# WORK TO BE COMPLETED
Leave out the images and repeat every entry below exactly.

# EXERCISE INPUTS

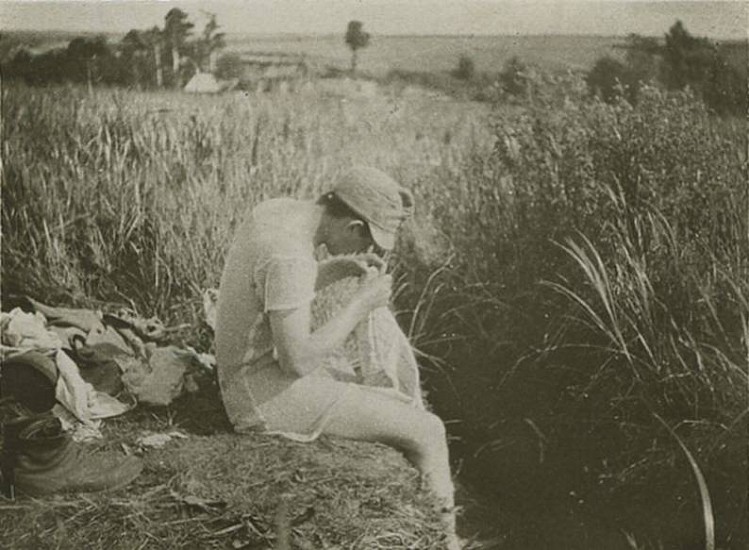 Andre Kertesz
Untitled (Self-portrait), August 12, 1915
Gelatin silver print (black & white)
1 1/2 x 2 in. (3.8 x 5.1 cm)
VintageContact print dated August 12, 1915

# OUTPUT FOR THIS EXERCISE
 Andre Kertesz
Untitled (Self-portrait), August 12, 1915
Gelatin silver print (black & white)
1 1/2 x 2 in. (3.8 x 5.1 cm)
VintageContact print dated August 12, 1915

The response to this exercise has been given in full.